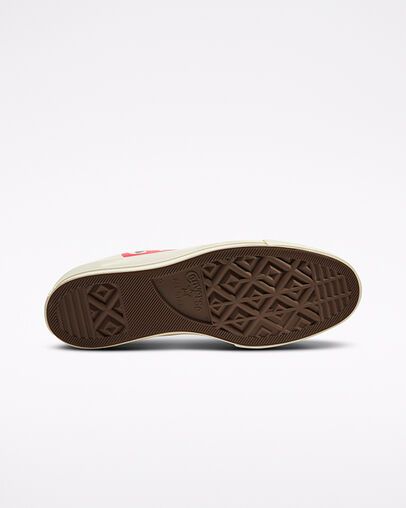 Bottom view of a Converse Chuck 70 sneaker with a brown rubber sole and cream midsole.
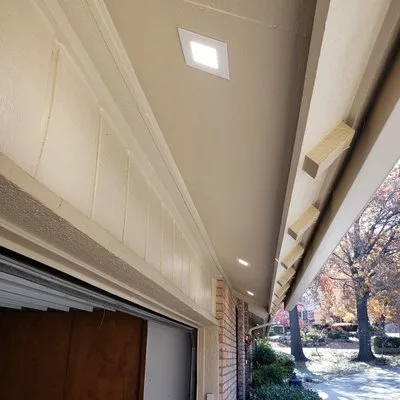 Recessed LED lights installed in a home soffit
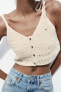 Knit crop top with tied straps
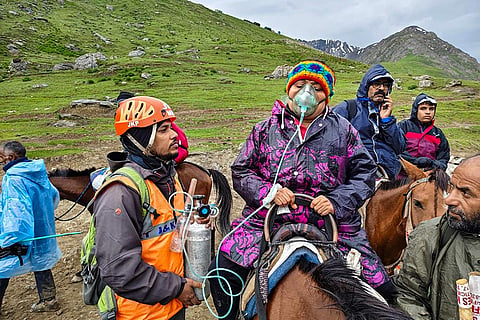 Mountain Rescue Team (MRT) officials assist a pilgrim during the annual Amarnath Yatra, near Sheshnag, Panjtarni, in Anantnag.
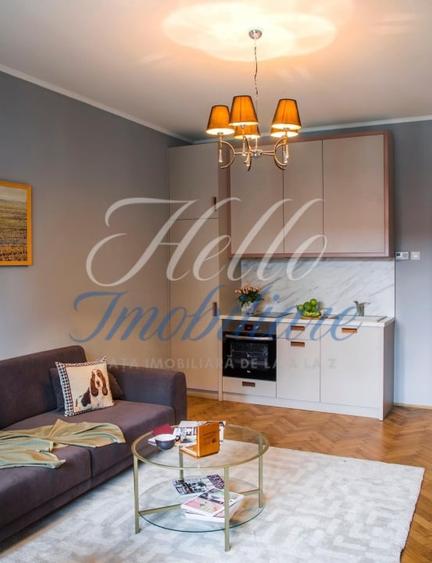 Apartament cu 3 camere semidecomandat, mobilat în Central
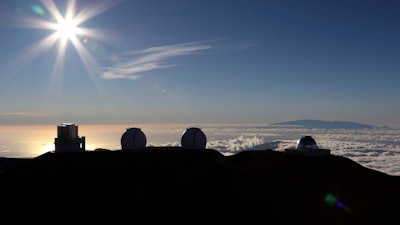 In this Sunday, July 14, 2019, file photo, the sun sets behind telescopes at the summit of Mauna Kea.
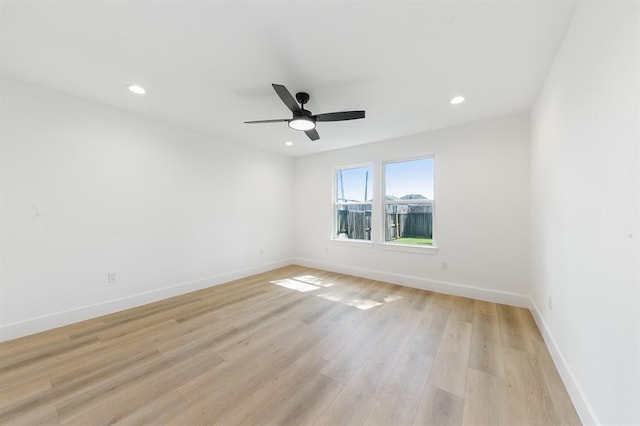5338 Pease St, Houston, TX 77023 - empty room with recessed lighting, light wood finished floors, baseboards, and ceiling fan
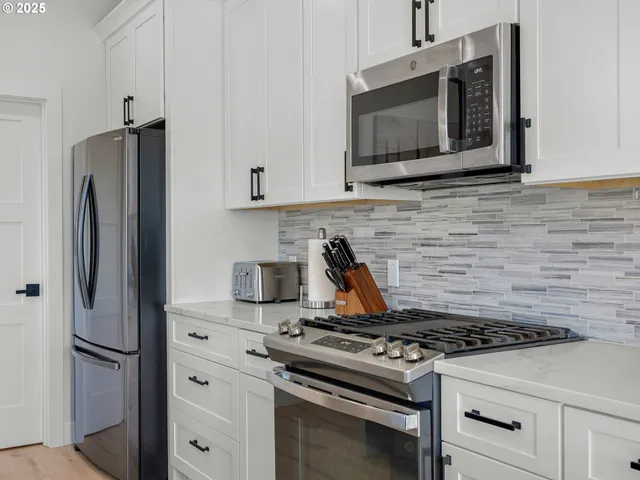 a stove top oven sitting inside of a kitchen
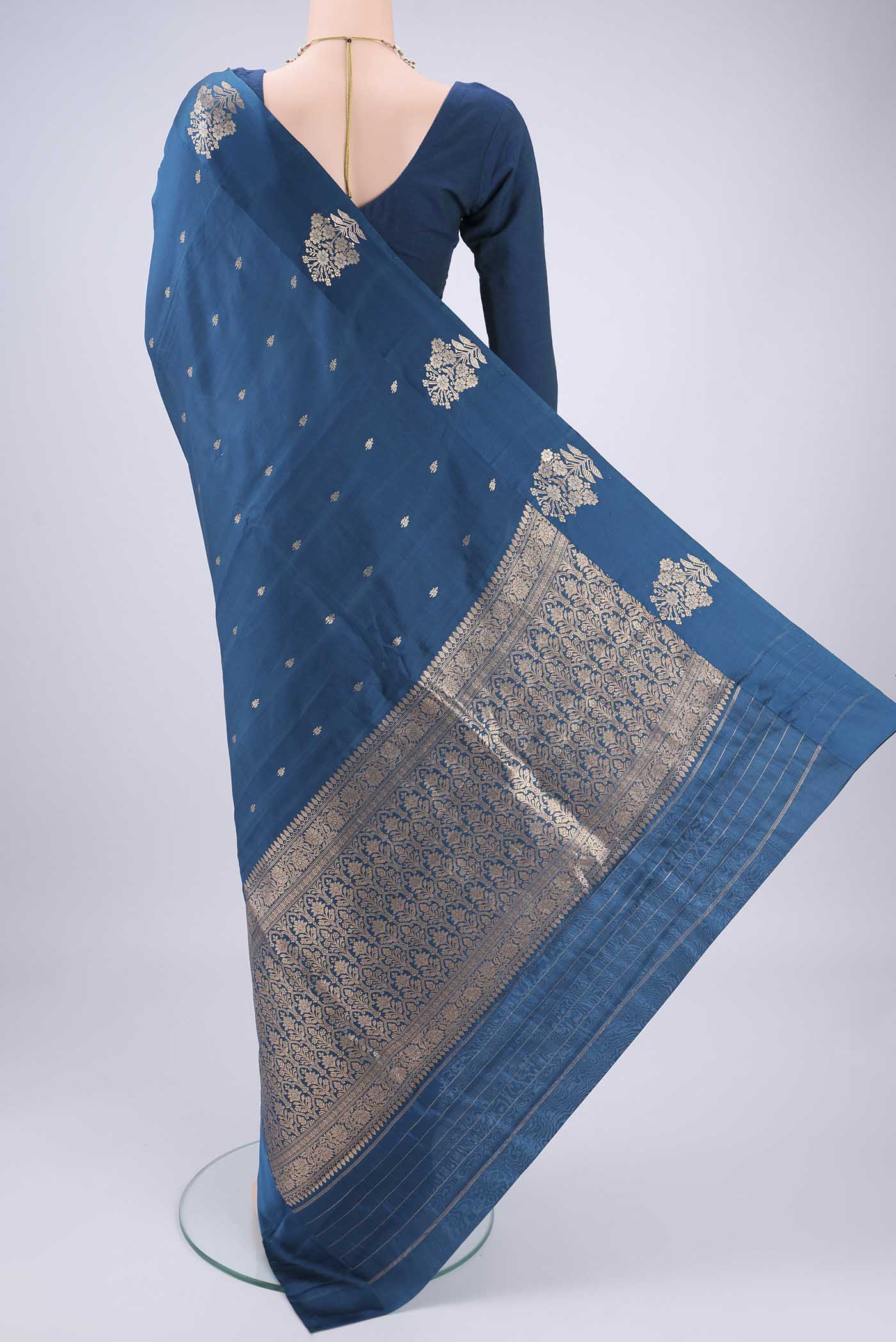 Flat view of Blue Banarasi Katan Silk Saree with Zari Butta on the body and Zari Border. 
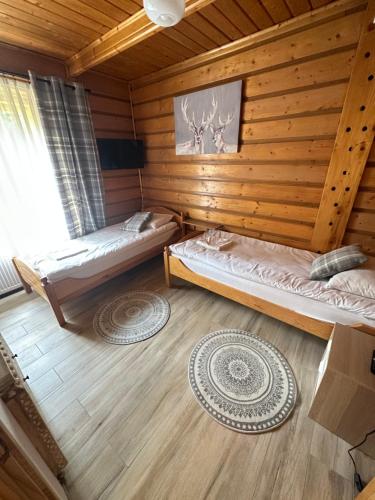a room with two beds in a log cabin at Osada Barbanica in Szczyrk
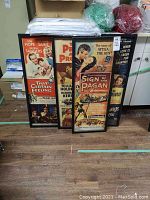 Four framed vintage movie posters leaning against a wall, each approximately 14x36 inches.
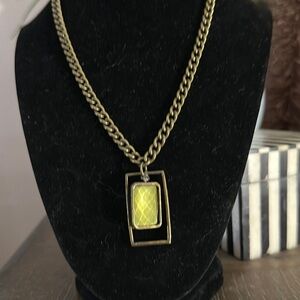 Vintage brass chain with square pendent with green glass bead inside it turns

_ _ _ _ _

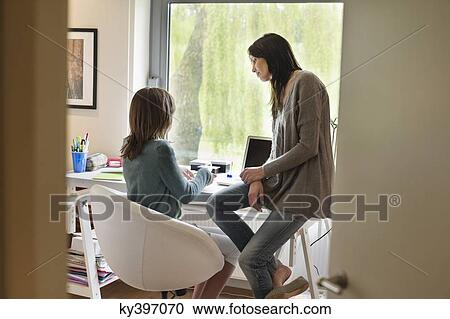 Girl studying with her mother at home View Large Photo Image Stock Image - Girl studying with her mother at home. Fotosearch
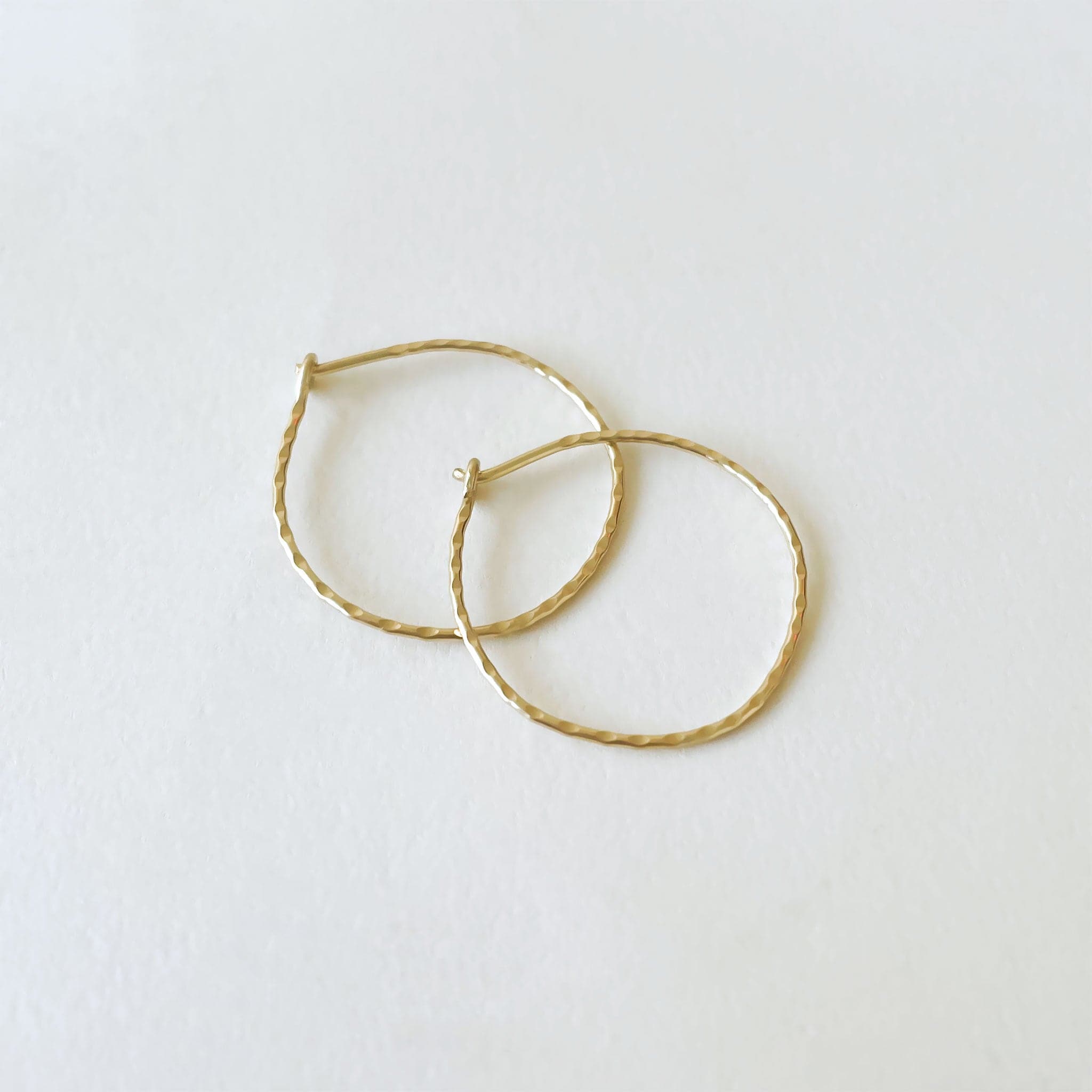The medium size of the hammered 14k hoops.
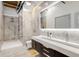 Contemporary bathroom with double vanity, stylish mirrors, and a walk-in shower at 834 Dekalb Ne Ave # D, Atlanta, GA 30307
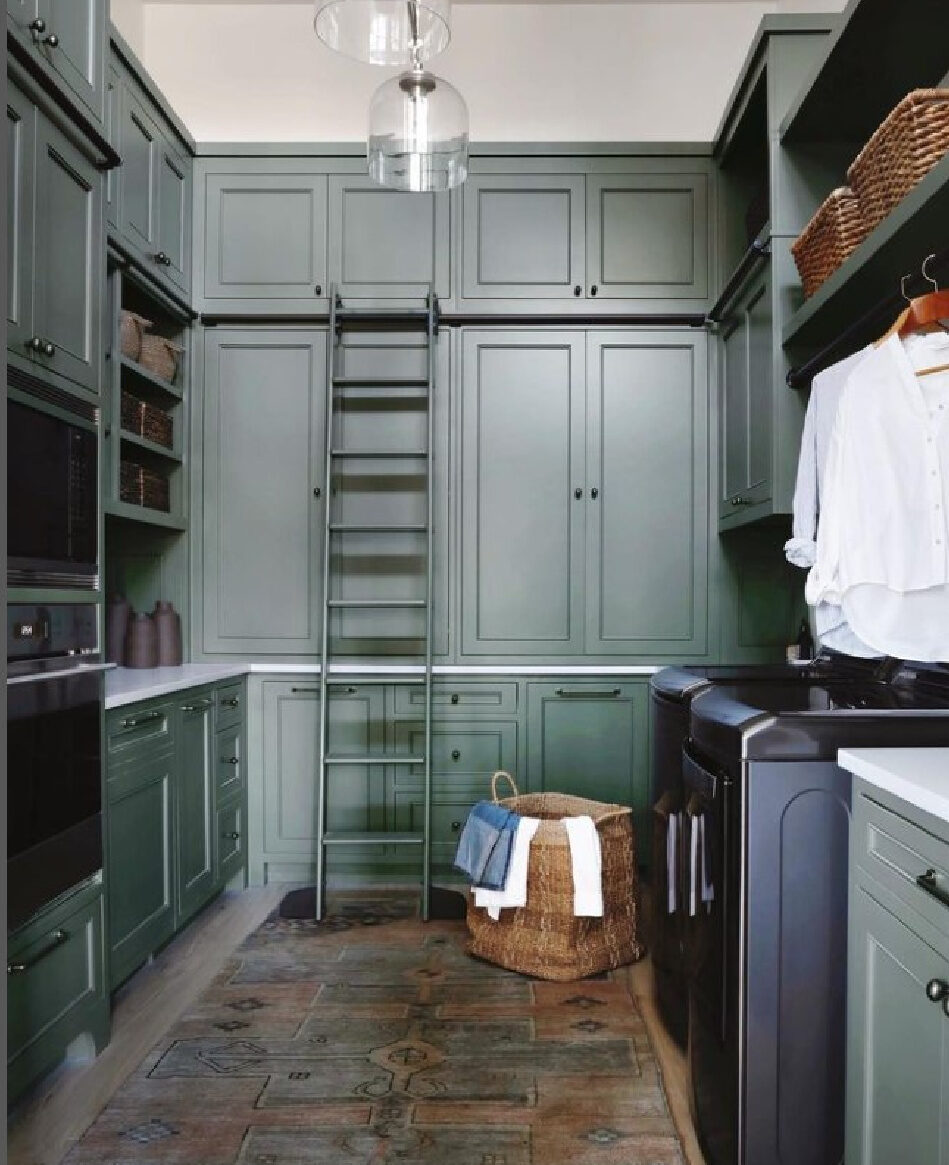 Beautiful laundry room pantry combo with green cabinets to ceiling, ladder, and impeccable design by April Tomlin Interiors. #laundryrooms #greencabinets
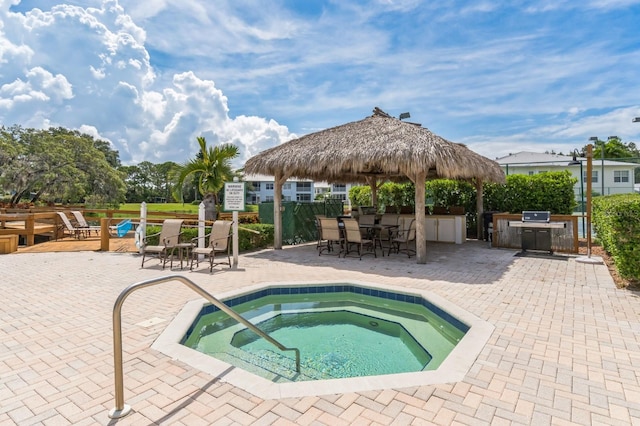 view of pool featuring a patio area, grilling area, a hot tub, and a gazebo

_ _ _ _ _

■ Work required: Restate word for word the lines of the data above that begin at the line with "a room with" and end at the line with "Vintage brass chain", keeping both ends and dropping every picture.

■ Exercise response:
a room with two beds in a log cabin at Osada Barbanica in Szczyrk
 Four framed vintage movie posters leaning against a wall, each approximately 14x36 inches.
 Vintage brass chain with square pendent with green glass bead inside it turns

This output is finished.